8 kwietnia 2003r o godz 15.15 przyszedl na swiat moj synus Mikołaj. Wazyl 520 gram.
To co zrobili ze mna i z moim dzieckiem lekarze to jest skandal. Lezalam od soboty do wtorku w szpitalu i nik mi nie pomogl. Od poczatku postawili nas na spalonej pozycji. Wydali na nas wyrok. Nikt nie walczyl o moje dziecko. Jestem zrozpaczona. Tyle czekania na zajscie w ciaze, tyle miesiecy lezenia a na koniec taka tragedia. Rzaem z mezem nie mamy zamiaru odpuscic szpitalowi. Mam nadzieje, ze cos osiagniemy i nie zniszczy nas biurokracja i nie bedziemy potraktowani jako kolejny przypadek w statystyce.
Chce sie na jakis czas pozegnac z wami, bo w tej chwili moje serce rozsadza ogromny zal i smutek. Musimy z mezem przejsc jakos te ciezkie chwile.
Pozdrawiam serdecznie. Iwona N. +Lwiątko (13.08.2003r.)
Strona 3 odpowiedzi na pytanie: URODZILAM W 22 TYGODNIU
Re: URODZILAM W 22 TYGODNIU
Iwono, jeśli tu zaglądasz, zajrzyj w prywatną. Chcieliśmy się z Tobą podzielić naszymi przeżyciami.

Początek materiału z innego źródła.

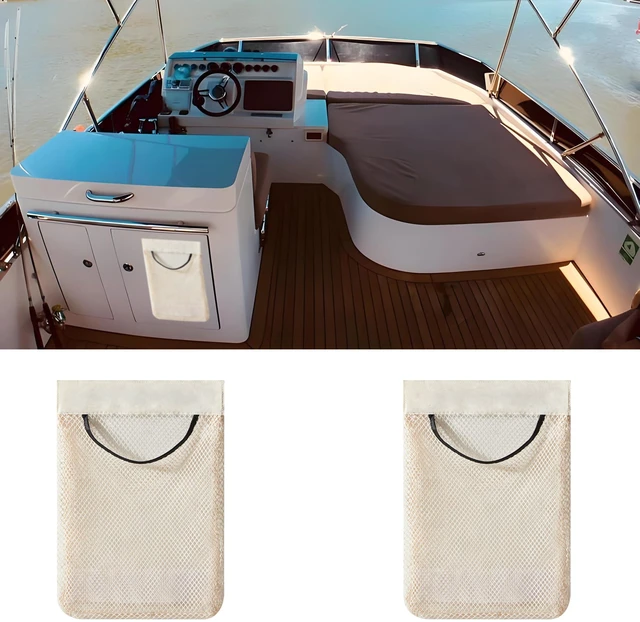 Main image of 2PCS 10''×11'' Boat Storage Bag Boat Adhesive Backed Storage Bag Boat Organizers Boat Trash Bag Small Cargo Net for Boat Truck RV Travel Long Road Trip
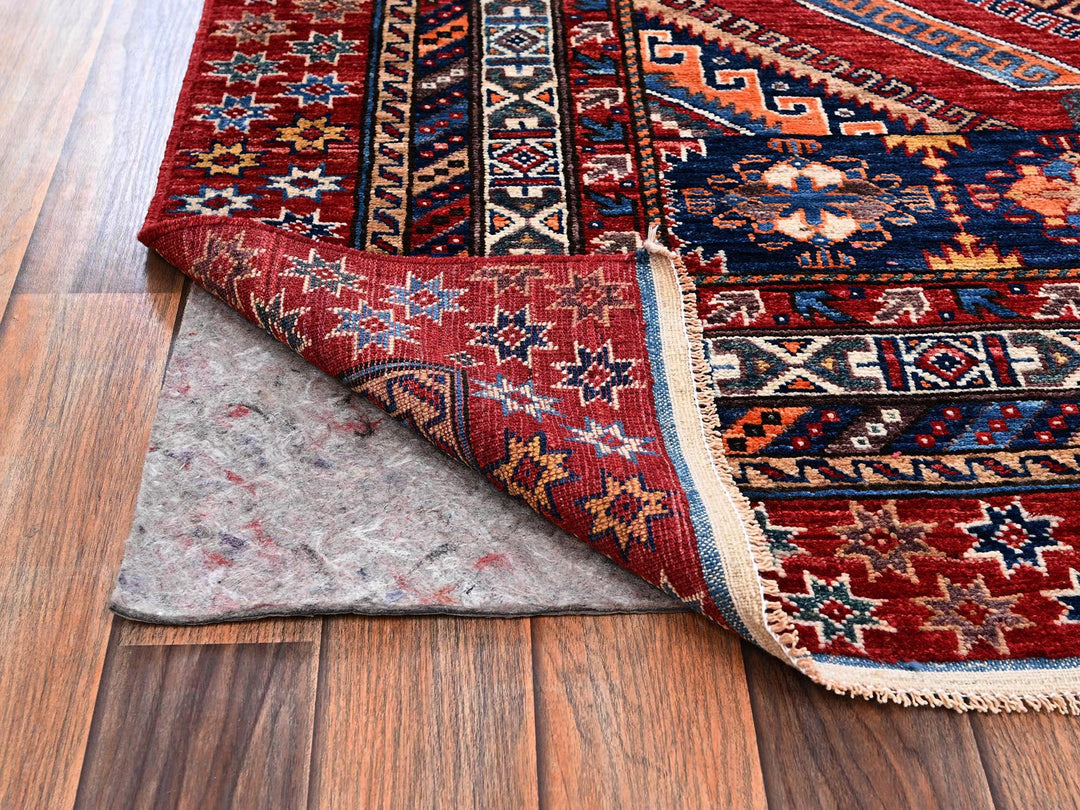 5'1" x 6'6" New Hand Knotted Red Wool Rectangle Oriental Rug - MOA1022668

Basia
Re: URODZILAM W 22 TYGODNIU
bardzo mi przykro, wiem, ze zadne slowa nie pomoga. trzymajcie sie z mezem cieplutko.
pozdrawiam
kam i maluszek
termin 25.08.03
Re: URODZILAM W 22 TYGODNIU
Tak bardzo mi przykro…
Tak bardzo…..
/
Re: URODZILAM W 22 TYGODNIU
Bardzo mi przykro,poryczałam się jak bóbr. Życzę Wam dużo szczęścia i powodzenia.
Marcelka i Melek (12.12.2002)
To straszne
Bardzo, ale to bardzo mi przykro. I też sądzę że powinni Cię lepiej potraktować.
Pracuję w prywanej przychodni, w której znajduje się też szpital i wiem jak należy postępować z pacjentem. Mimo że pracuję w biurze orientuję się czy były szanse na przeżycie małego. I wiem że lekarze powinni walczyć o życie a nie pozostawić biegowi samemu sobie.
Jeśli będziesz miała jakieś pytania zawsze postaram się Ci pomóc.
Jeszcze raz bardzo mi przykro. Czytając Twoją wiadomość nic innego nie robię jak tylko płaczę.